Description
A delicious and creamy herbed white fish dish served with herbed baby potatoes.
Ingredients
Scale
- 4 fillets white fish (cod, haddock or halibut)
- 2 tablespoons olive oil
- 2 tablespoons unsalted butter
- Salt and pepper to taste
- 1/2 teaspoon paprika
- 1/2 cup heavy cream
- 2 cloves garlic, minced
- 1 teaspoon Dijon mustard
- 2 tablespoons chopped fresh dill
- 2 tablespoons chopped parsley
- Juice of 1/2 lemon
- 1 1/2 lbs baby potatoes
- 2 tablespoons olive oil or melted butter
- 1/4 cup chopped parsley
- Salt to taste
Instructions
- Boil baby potatoes in salted water until fork-tender, about 15–18 minutes. Drain and toss with olive oil or butter, chopped parsley, and a pinch of salt. Set aside.
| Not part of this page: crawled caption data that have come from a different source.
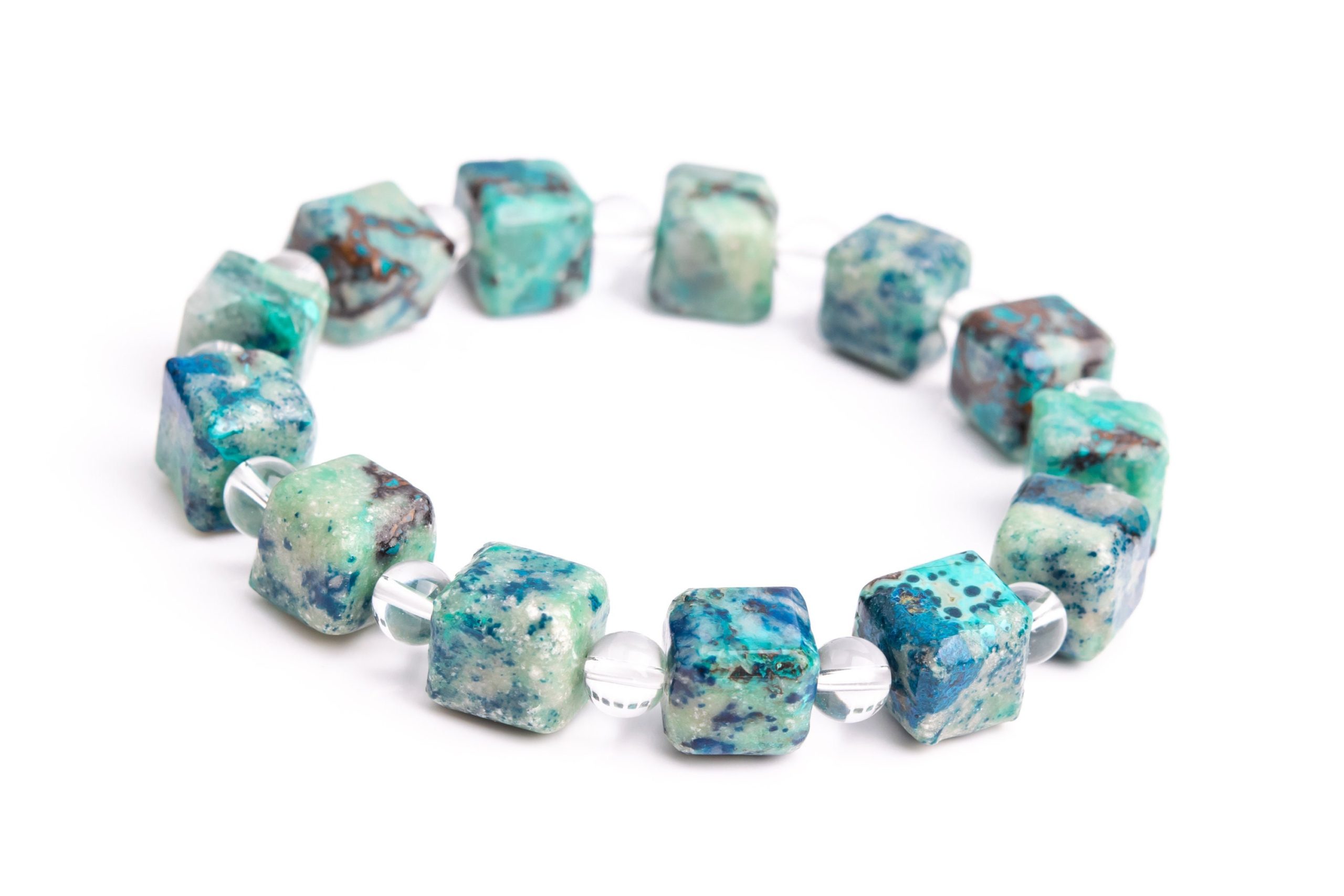 10-11mm Chrysocolla Beads Blue Green Bracelet Grade Aaa Genuine Natural Beveled Edge Faceted Cube Gemstone 8" (118484h-4037)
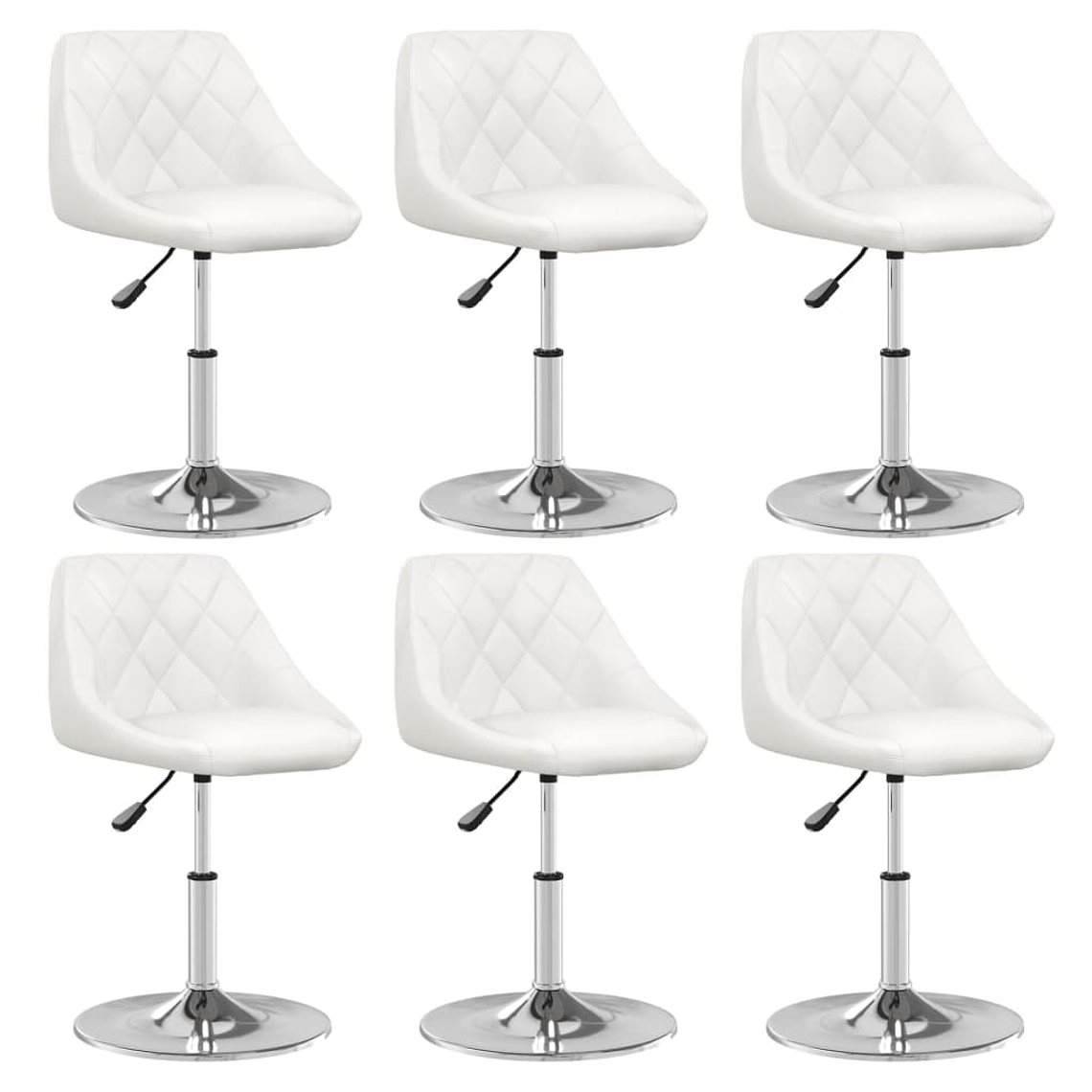 vidaXL Cadeiras de jantar 6 pcs couro artificial branco 1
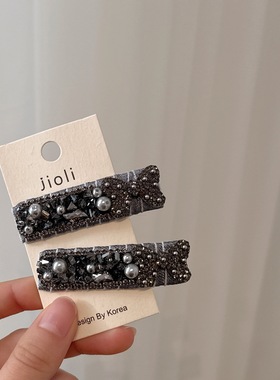 高级感灰色方形水钻蝴蝶结BB夹复古时尚气质侧边夹前额碎发刘海夹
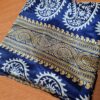 Saree indiano de tecido misto viscose e seda marinho e dourado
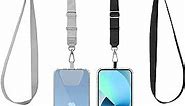 CACOE Phone Lanyard 2 Pack-2× Adjustable Neck Strap,2× Phone Patches,Universal Cell Phone Multifuctional Patch Lanyards Compatible with Most Smartphones(Black+Gray)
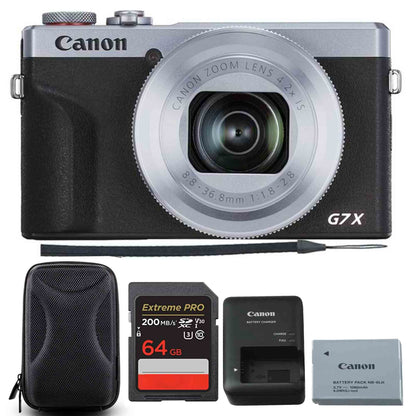 Canon Powershot G7X Mark III (SILVER) + Sandisk 64GB Extreme PRO SDXC UHS-I Memory Card + Hard Shell Camera Case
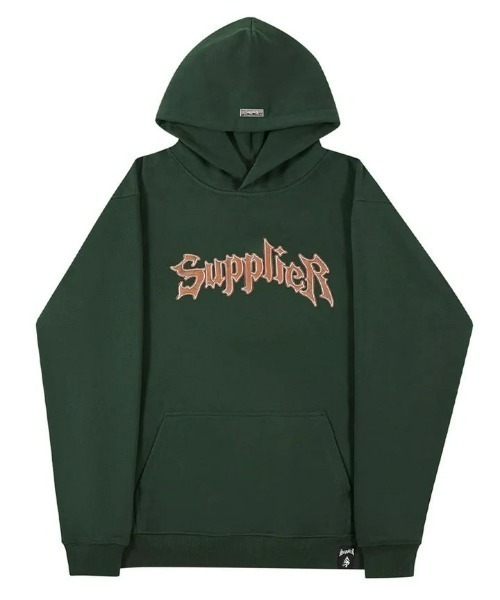 SUPPLIER(サプライヤー)の「A'GEM/9 × .kom『SUPPLIER/サプライヤー』PYTHON IRON LOGO HOODIE/パイソン アイアンロゴ プルオーバーパーカー(パーカー・メンズ・グリーン/ブラック・L/XL)」の8枚目の写真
- Pat fish dry and season with salt, pepper, and paprika.
- Heat olive oil and butter in a skillet over medium-high. Sear fish 3–4 minutes per side until golden and cooked through. Remove and keep warm.
- In the same pan, add garlic and sauté for 30 seconds. Stir in cream, Dijon, dill, parsley, and lemon juice. Simmer for 2 minutes until slightly thickened.
- Return fish to pan and spoon sauce over to coat. Serve hot with herbed baby potatoes.
Notes
- This dish pairs well with a fresh salad.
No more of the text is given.